Message ID | 20220211071238.885669-1-kafai@fb.com (mailing list archive) |
---|---|
State | Changes Requested |
Delegated to: | Netdev Maintainers |
Headers | show |
Series | Preserve mono delivery time (EDT) in skb->tstamp | expand |
Context | Check | Description |
---|---|---|
netdev/tree_selection | success | Clearly marked for net-next |
netdev/apply | fail | Patch does not apply to net-next |
On Thu, Feb 10, 2022 at 11:12:38PM -0800, Martin KaFai Lau wrote: > skb->tstamp was first used as the (rcv) timestamp. > The major usage is to report it to the user (e.g. SO_TIMESTAMP). > > Later, skb->tstamp is also set as the (future) delivery_time (e.g. EDT in TCP) > during egress and used by the qdisc (e.g. sch_fq) to make decision on when > the skb can be passed to the dev. > > Currently, there is no way to tell skb->tstamp having the (rcv) timestamp > or the delivery_time, so it is always reset to 0 whenever forwarded > between egress and ingress. > > While it makes sense to always clear the (rcv) timestamp in skb->tstamp > to avoid confusing sch_fq that expects the delivery_time, it is a > performance issue [0] to clear the delivery_time if the skb finally > egress to a fq@phy-dev.

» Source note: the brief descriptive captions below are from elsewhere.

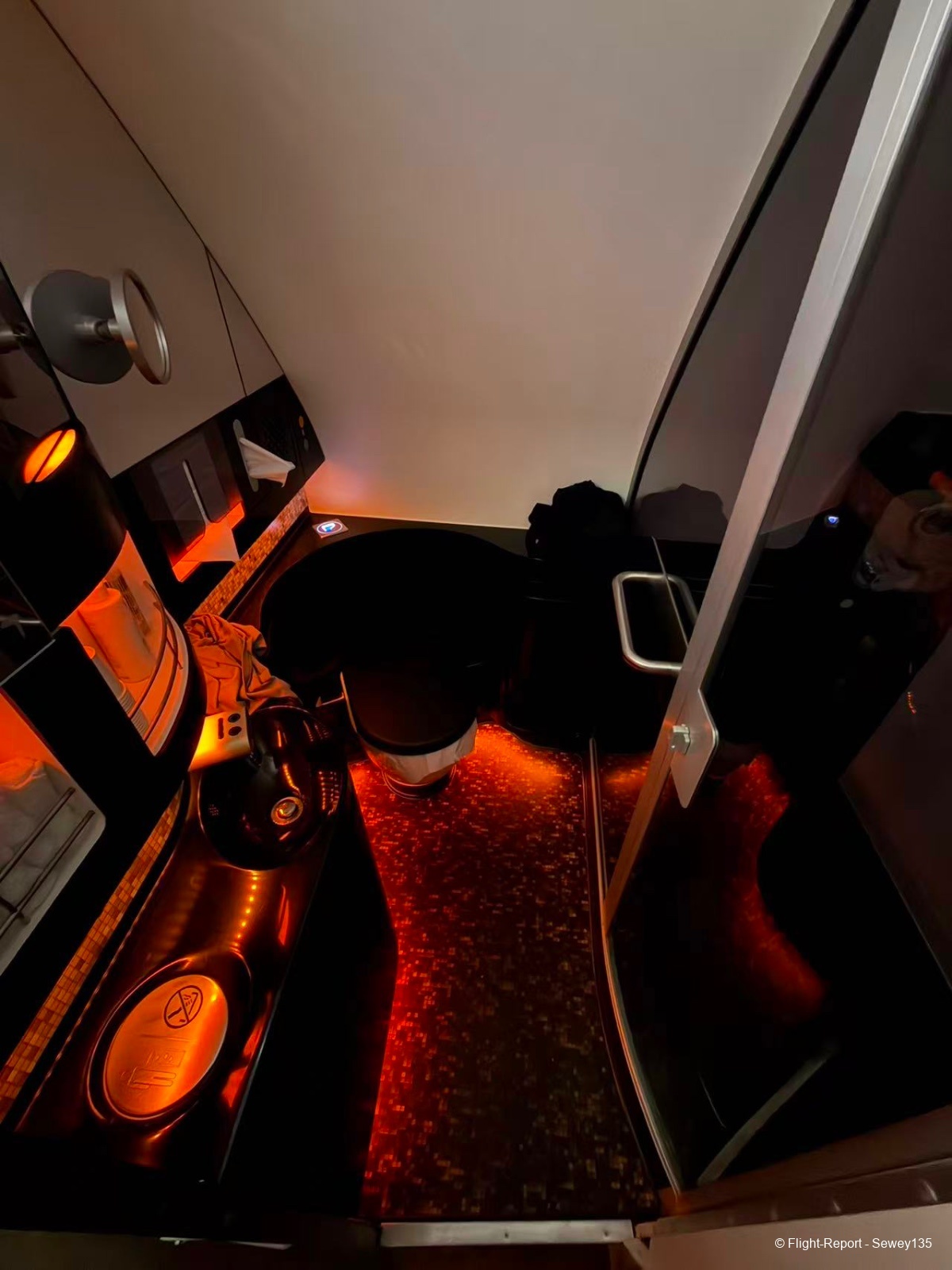 photo 27381770972857_pic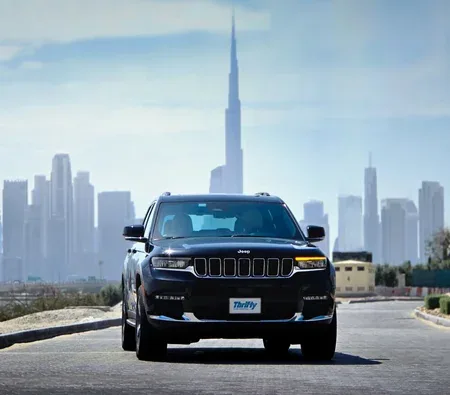 Jeep Grand Cherokee 2024 in Dubai — photo 3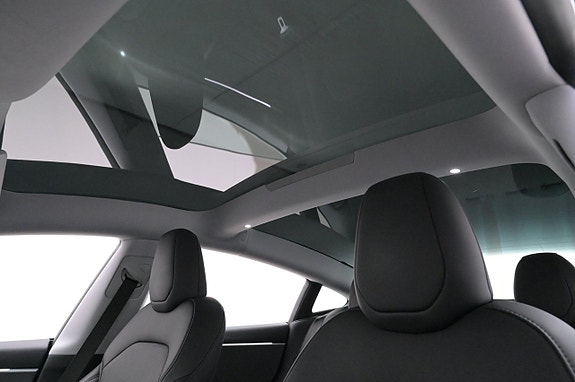Tesla Model 3 23 of 27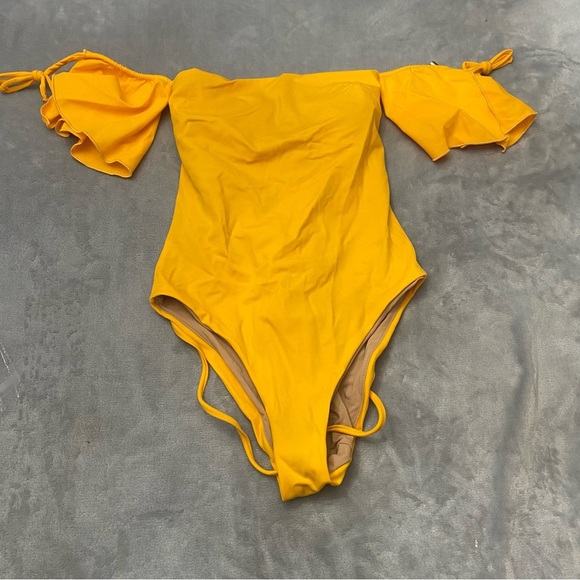 New! OCHIE Olivia off the shoulder lace-up swimsuit nwot 27717 - Picture 2 of 8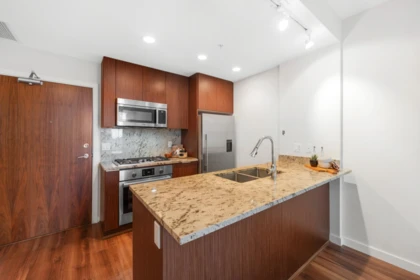 Primary Bathroom Photo of 808 8628 Hazelbridge Way, Richmond, BC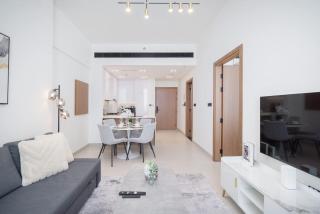 StayShort - JVC sleeps 4 with Amazing Swimming Pool! - 4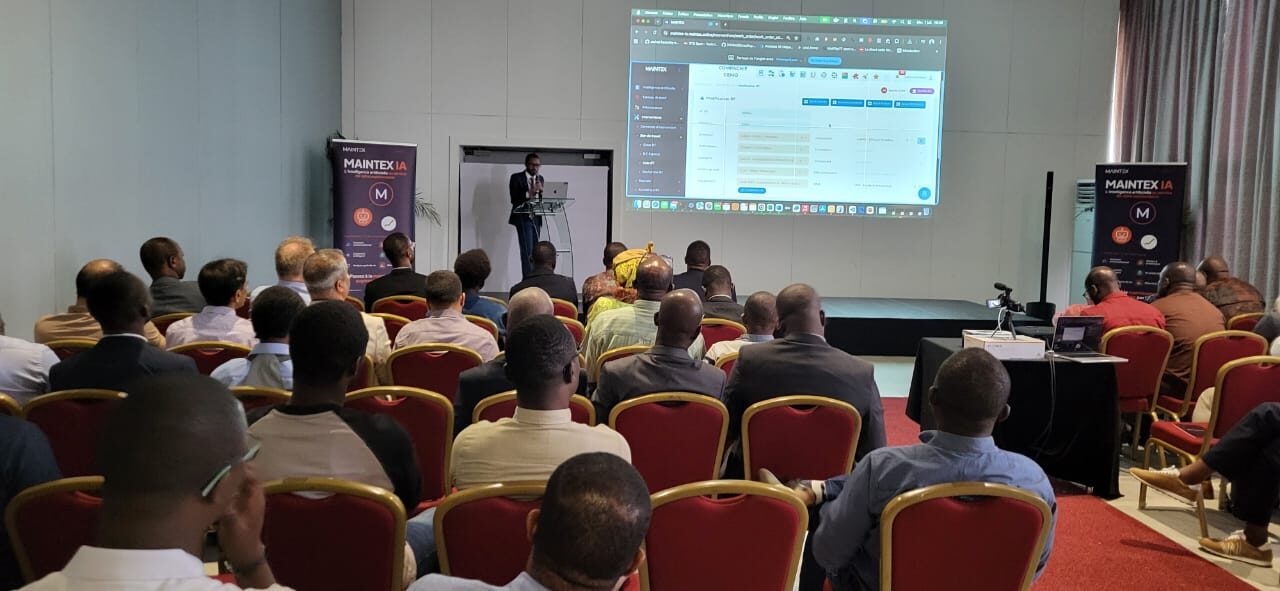 Salle comble lors de la conférence MAINTEX IA à l'Hôtel Ivoire d'Abidjan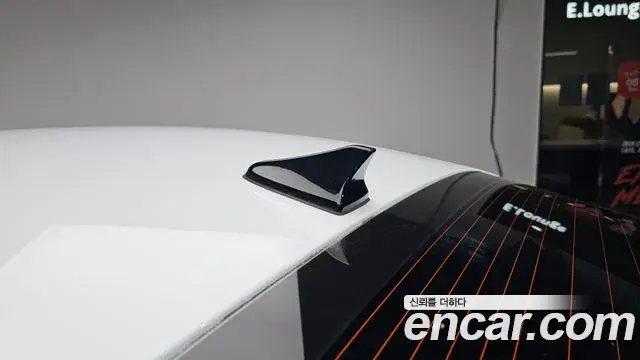 Hyundai The New Avante Hybrid 2020 — ფოტო 30/32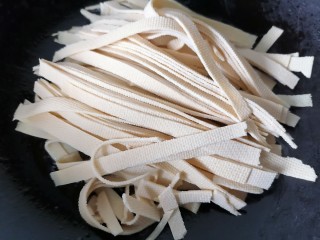 8、水煮千张,放入千张翻炒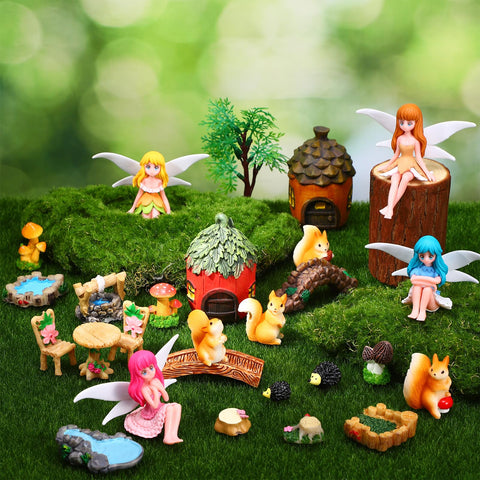GGSTDDUP mushrooms and vintage well create whimsical focal points in outdoor displays.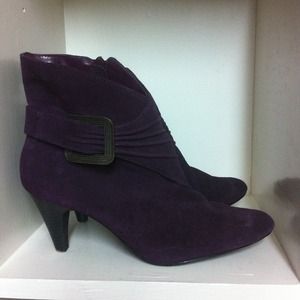 Size 8! Purple suede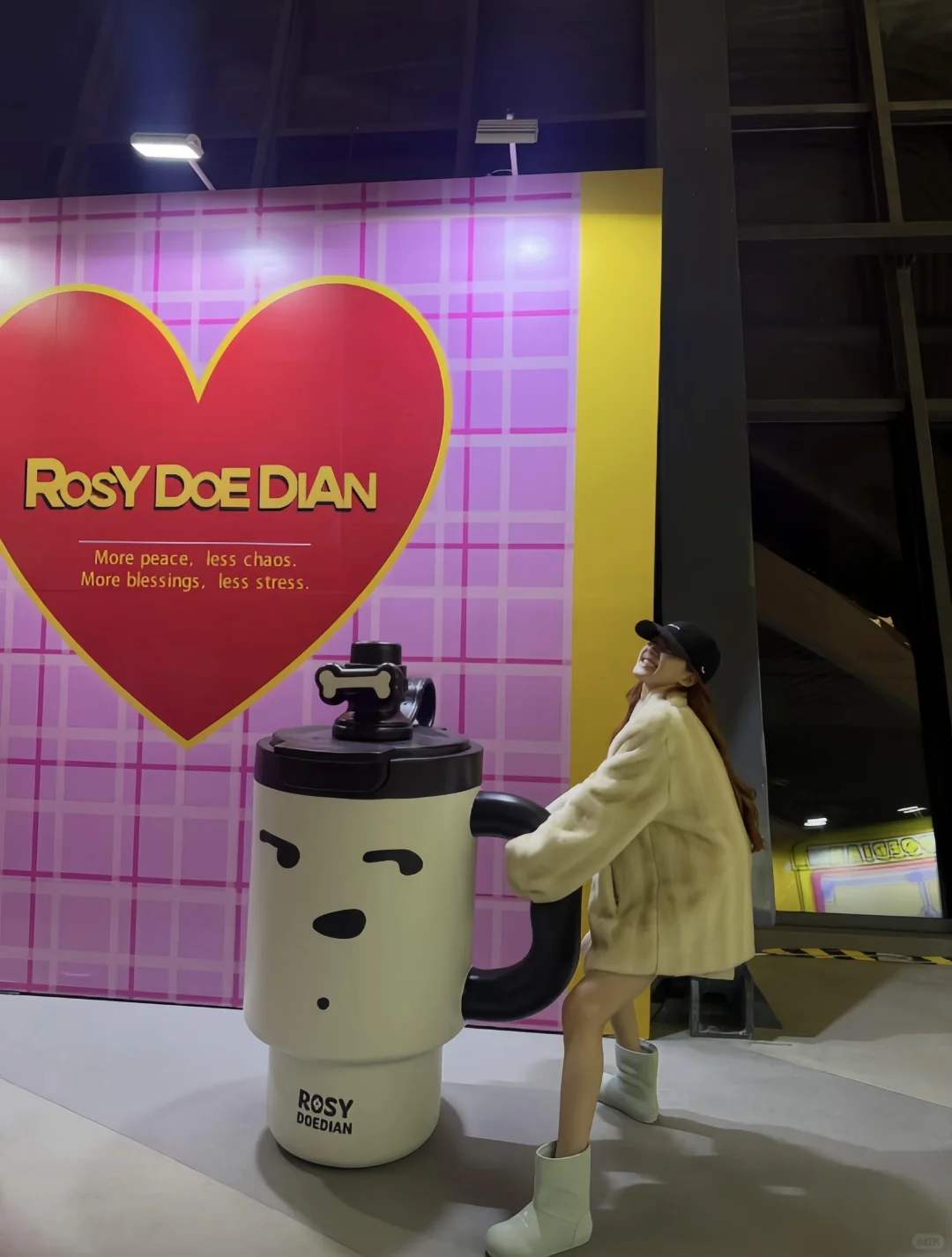 赵露思生日🎂美照来啦，温柔又甜美！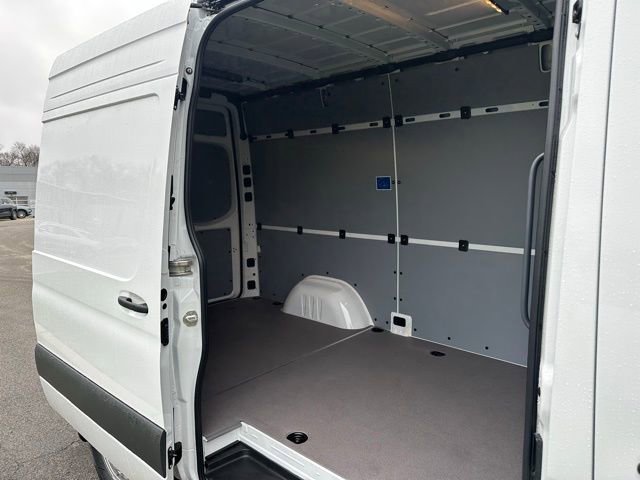 New 2026 Arctic White Mercedes-Benz Cargo 144 WB image 65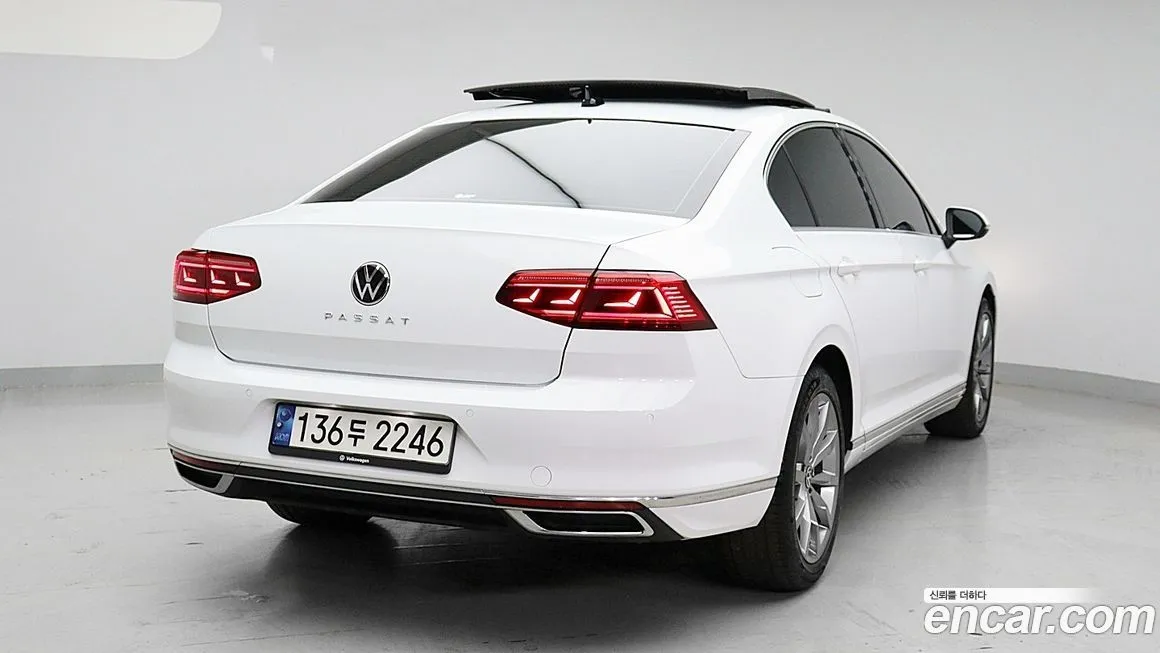 Volkswagen Passat 2021 из KR, фото 2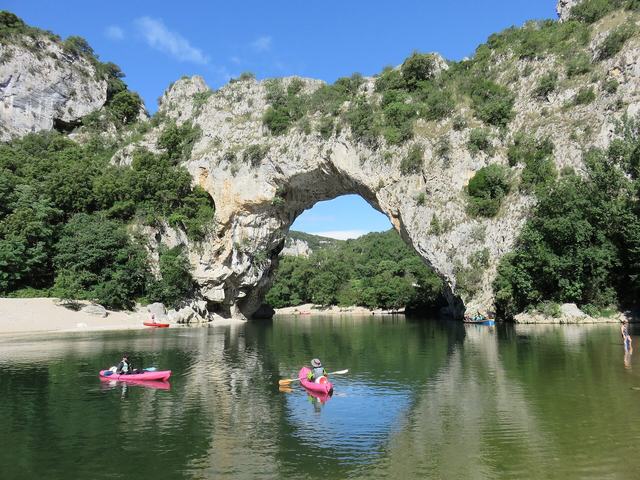 Arche de pont d'Arc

For example, when forwarding from egress to > ingress and then finally back to egress: > > tcp-sender => veth@netns => veth@hostns => fq@eth0@hostns > ^ ^ > reset rest > > This patch adds one bit skb->mono_delivery_time to flag the skb->tstamp > is storing the mono delivery_time (EDT) instead of the (rcv) timestamp. > > The current use case is to keep the TCP mono delivery_time (EDT) and > to be used with sch_fq. A later patch will also allow tc-bpf@ingress > to read and change the mono delivery_time. Can you be more specific? How is the fq in the hostns even visible to container ns? More importantly, why the packets are always going out from container to eth0? From the sender's point of view, it can't see the hostns and can't event know whether the packets are routed to eth0 or other containers on the same host. So I don't see how this makes sense. Crossing netns is pretty much like delivering on wire, *generally speaking* if the skb meta data is not preserved on wire, it probably should not for crossing netns either. Thanks.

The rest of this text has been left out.